**Task to complete**
In the material below, find the line with "Ressort de suspension" and the line with "短信证据取证方法,短信证据取证技巧". Output exactly those two lines and all lines between them, leaving out pictures.

BEGIN Dataset excerpts

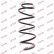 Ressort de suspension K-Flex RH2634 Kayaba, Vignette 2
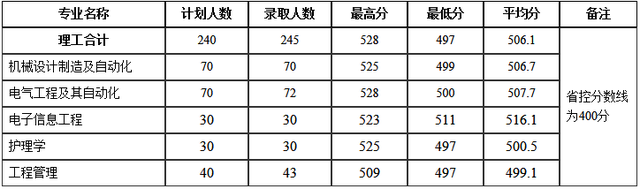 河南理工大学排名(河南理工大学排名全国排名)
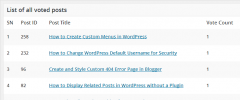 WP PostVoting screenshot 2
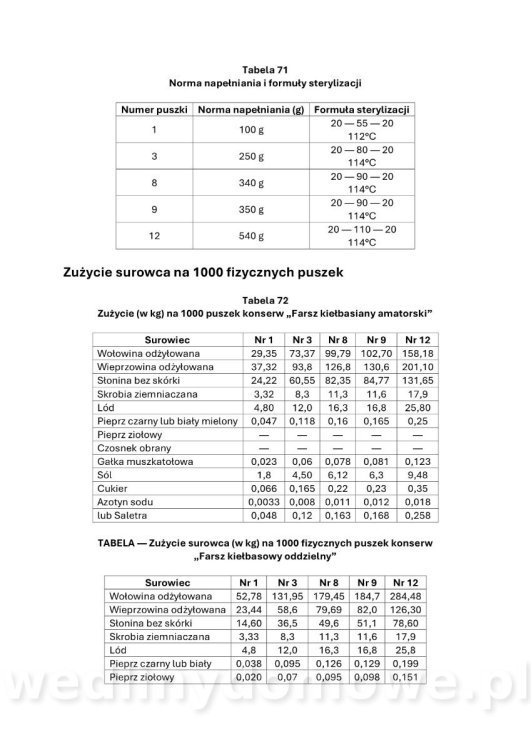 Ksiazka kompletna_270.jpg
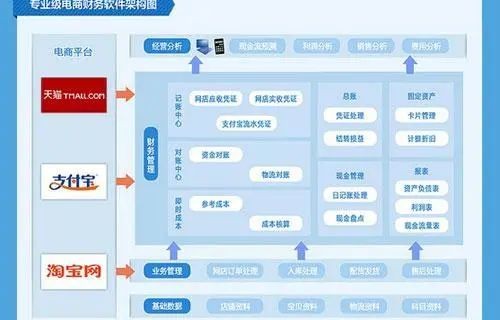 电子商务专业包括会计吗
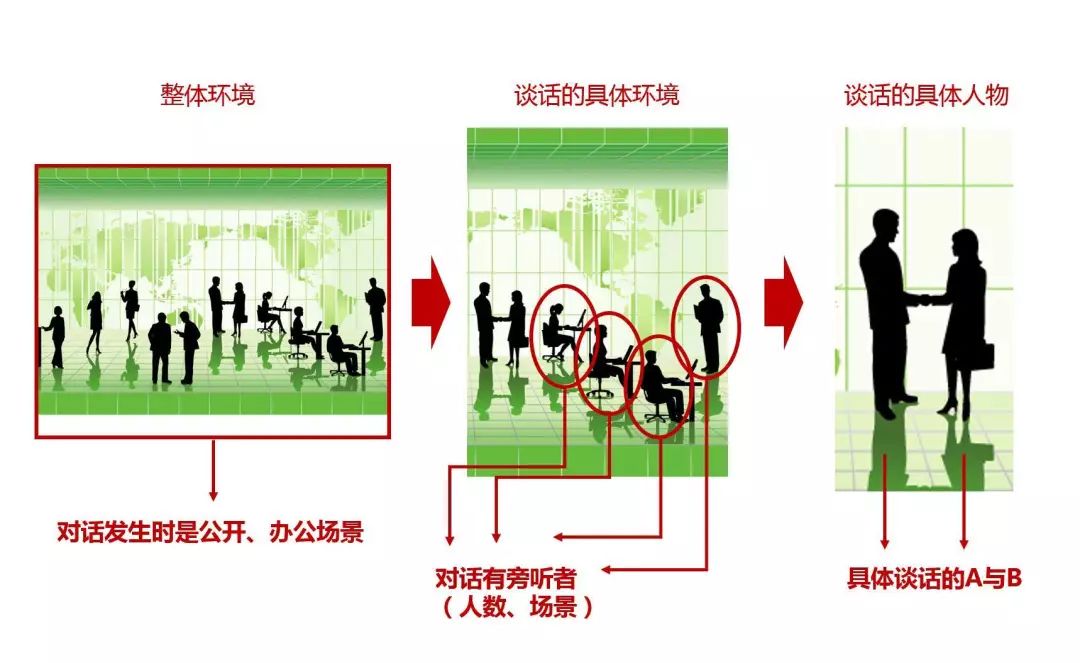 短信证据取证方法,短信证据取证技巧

END Dataset excerpts
BEGIN Dataset excerpts

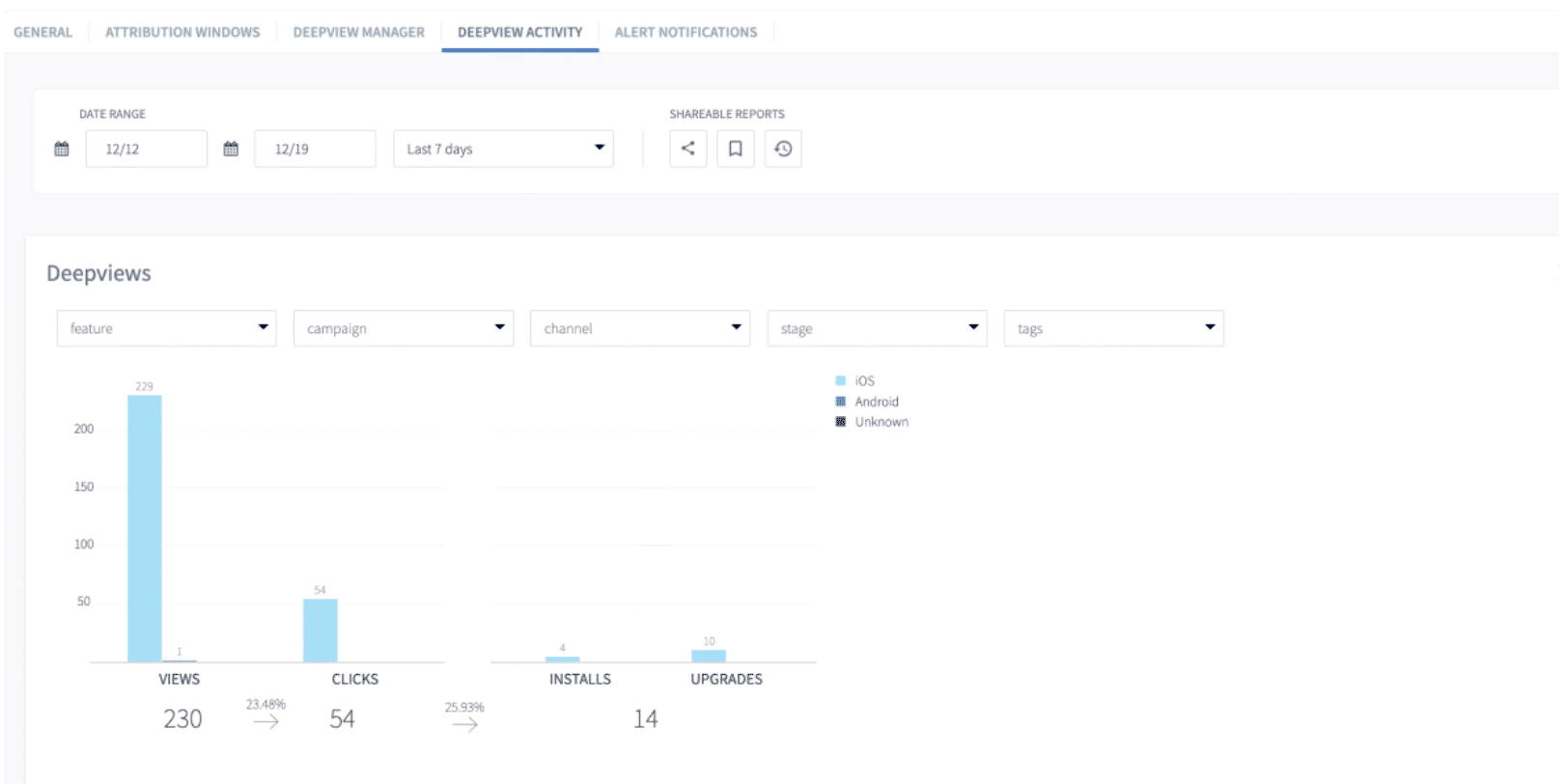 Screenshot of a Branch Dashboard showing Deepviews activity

END Dataset excerpts
BEGIN Dataset excerpts

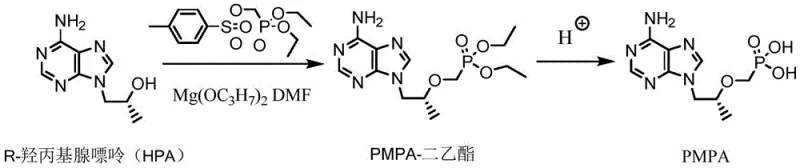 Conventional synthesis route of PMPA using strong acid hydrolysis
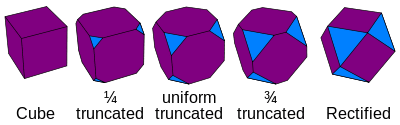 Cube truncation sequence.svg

END Dataset excerpts

**Answer for the task**
 Ressort de suspension K-Flex RH2634 Kayaba, Vignette 2
 河南理工大学排名(河南理工大学排名全国排名)
 WP PostVoting screenshot 2
 Ksiazka kompletna_270.jpg
 电子商务专业包括会计吗
 短信证据取证方法,短信证据取证技巧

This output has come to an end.